Open x-yuri opened 9 years ago

x-yuri commented 9 years ago

First, there doesn't always exist dir for some particular distribution release, like debian-7,8 (which I need now). And there doesn't always exist ruby for that particular release, like 2.0.0-p353 for squeeze. So, why don't we turn system_version into array? Turning test_ruby_patchlevel into array must be a hassle, but you might consider switching to 247... er, which is not available for jessie, so doesn't sound right. But then again, we can download whatever patchlevel available, and set test_ruby_patchlevel=$(ls test/opt/rubies | sed -E 's/.*p([0-9]+)/\1/'), can't we?

postmodern commented 9 years ago

So we used some code from RVM to detect the arch, OS, distro, and then download the precompiled ruby for said platform. Unfortunately, rvm-binary doesn't always have the most complete coverage.

x-yuri commented 9 years ago

So, why do we decide which version to use before knowing it's there? Why don't we download whatever ruby version available?
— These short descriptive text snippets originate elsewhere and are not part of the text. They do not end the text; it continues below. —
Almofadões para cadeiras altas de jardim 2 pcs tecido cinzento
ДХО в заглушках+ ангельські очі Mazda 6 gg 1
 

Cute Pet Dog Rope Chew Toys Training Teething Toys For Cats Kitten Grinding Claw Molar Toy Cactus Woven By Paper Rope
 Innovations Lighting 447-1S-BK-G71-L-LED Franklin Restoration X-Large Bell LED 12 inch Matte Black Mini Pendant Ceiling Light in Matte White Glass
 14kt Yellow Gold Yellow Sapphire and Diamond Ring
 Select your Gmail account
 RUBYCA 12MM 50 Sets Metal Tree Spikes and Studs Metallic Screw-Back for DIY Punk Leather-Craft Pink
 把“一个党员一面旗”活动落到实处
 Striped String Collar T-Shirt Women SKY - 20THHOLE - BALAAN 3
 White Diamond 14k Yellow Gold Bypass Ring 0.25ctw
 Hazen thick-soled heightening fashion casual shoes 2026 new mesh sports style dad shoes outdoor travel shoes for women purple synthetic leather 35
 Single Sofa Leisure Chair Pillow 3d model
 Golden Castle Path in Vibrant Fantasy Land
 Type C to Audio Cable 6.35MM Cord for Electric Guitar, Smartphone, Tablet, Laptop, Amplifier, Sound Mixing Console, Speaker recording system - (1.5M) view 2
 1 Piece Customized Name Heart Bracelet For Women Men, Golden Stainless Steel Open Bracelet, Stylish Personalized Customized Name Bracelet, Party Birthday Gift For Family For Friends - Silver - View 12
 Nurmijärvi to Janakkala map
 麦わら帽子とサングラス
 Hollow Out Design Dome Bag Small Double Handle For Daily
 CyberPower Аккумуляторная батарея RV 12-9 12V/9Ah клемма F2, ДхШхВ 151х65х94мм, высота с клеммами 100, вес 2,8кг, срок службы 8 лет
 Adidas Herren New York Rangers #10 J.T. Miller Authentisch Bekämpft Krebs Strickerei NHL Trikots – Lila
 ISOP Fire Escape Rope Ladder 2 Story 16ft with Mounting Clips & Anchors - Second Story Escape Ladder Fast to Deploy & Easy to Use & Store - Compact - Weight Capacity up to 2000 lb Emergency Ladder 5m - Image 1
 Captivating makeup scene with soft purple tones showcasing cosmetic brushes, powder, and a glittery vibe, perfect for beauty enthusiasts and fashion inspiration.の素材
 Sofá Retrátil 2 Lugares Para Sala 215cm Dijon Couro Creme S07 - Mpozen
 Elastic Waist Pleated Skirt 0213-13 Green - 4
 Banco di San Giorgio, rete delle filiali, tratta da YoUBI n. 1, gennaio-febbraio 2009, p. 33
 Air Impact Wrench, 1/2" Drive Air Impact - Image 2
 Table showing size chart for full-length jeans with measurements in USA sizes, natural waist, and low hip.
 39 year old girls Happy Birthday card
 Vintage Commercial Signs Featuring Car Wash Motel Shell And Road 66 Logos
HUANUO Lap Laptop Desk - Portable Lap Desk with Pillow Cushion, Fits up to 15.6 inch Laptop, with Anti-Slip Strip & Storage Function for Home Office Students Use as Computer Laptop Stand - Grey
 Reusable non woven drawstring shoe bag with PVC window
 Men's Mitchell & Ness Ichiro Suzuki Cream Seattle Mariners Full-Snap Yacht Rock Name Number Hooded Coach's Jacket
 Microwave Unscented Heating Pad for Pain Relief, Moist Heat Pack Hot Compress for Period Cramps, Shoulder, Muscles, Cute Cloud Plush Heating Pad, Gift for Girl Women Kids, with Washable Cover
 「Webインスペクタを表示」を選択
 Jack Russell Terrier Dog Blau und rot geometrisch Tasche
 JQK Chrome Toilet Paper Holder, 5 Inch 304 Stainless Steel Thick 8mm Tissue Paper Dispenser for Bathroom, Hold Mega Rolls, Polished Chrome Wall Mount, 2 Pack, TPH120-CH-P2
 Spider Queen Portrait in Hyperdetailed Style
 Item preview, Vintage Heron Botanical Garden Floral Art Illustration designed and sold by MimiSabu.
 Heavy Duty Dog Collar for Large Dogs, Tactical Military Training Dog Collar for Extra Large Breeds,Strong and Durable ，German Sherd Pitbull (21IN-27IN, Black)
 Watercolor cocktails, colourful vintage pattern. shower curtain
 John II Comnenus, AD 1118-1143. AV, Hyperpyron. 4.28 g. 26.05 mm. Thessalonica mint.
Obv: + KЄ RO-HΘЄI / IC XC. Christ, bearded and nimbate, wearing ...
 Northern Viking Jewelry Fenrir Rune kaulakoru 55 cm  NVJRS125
postmodern commented 9 years ago

The tests depend on knowing a specific version. Usually, rvm-binary has decent coverage for recent ruby versions. If you're platform isn't supported, open an issue with them and they'll look into it.

deivid-rodriguez commented 9 years ago

I just run into the same problem. Using Linux Mint and there's no binaries for it. In that case, defaulting to ubuntu works fine I think.